My immediate response to Jack was: well, it shouldn’t be called “Islamic” or “Republic” anymore (and it shouldn’t have been for a while).
In responding, however, I knew I had very little evidence to support my claims (primarily on the “Islamic” side). Thus, I waited and collected a series of articles that support my position. In order to spare us all a very long post, I am dividing this into two parts. First, I address some of the relevant history that will help to explain the seemingly “sudden” transformation of Iran from an Islamic to a police state. In the next post, I will use current events to support my claim that Iran is neither “Islamic” nor a “Republic.”
I should preface all this by saying that I am in no way surprised by the governments shift from a semi-legitimate state to a security state.
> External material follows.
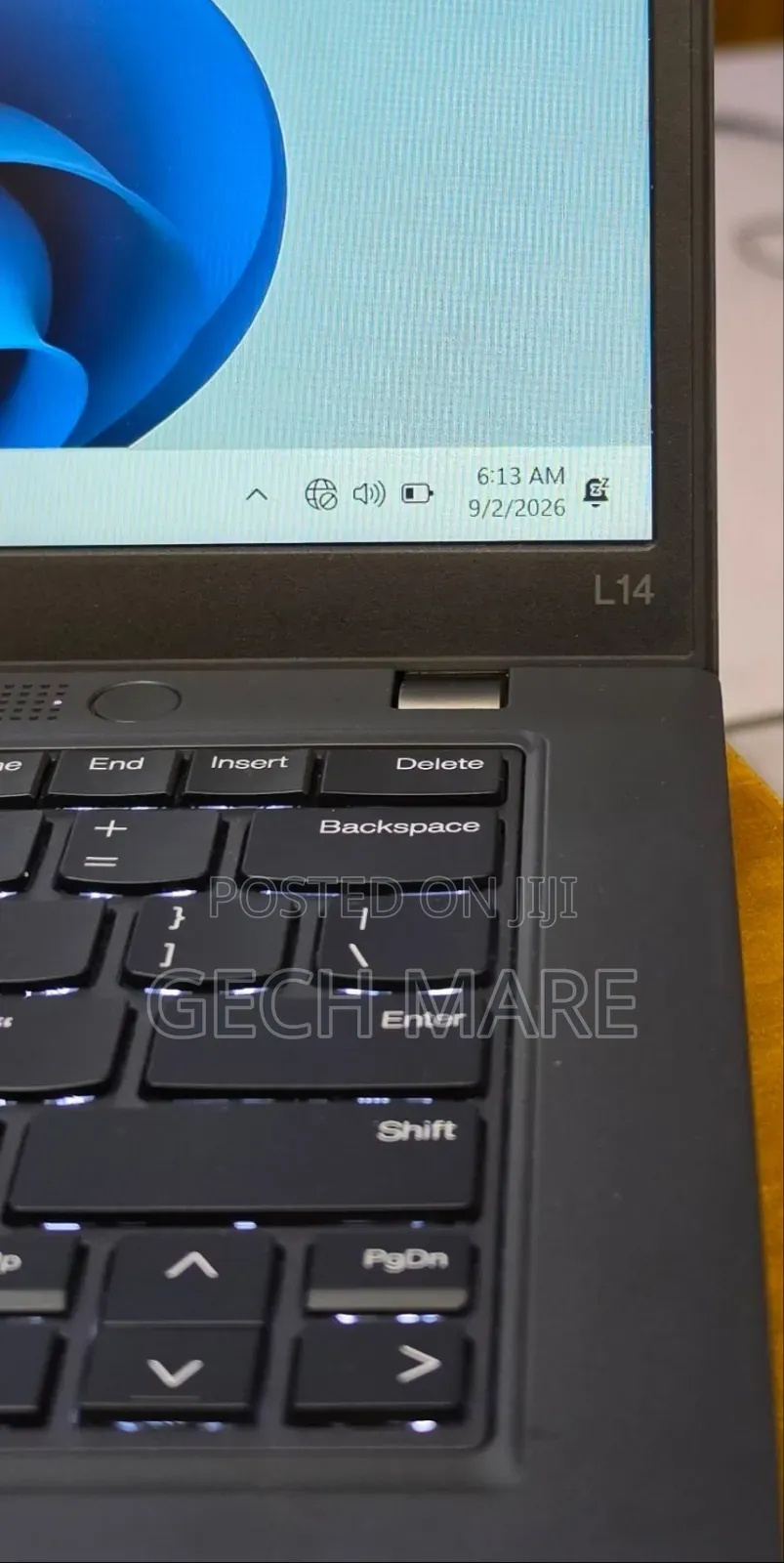 New Laptop Lenovo ThinkPad L14 16GB AMD Ryzen 7 SSD 512GB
I do not claim to have had any idea the elections would have led to such rallies (or that the government intended to so crudely steal the election – though my intuition told me the regime didn’t want to deal with another Iranian-style glasnost/perestroika that they would have to again reverse a la Khatami and would thus ensure Ahmadinejad’s victory). It was apparent, however, that a reclassification of the Iranian regime has been needed for quite some time. In fact, the recent overt transformation of the Iranian regime into a police state is the logical outcome of Khomeini’s decision in 1989 to “nominate” (when really it was a forgone conclusion) Khamenei as the new Supreme Leader.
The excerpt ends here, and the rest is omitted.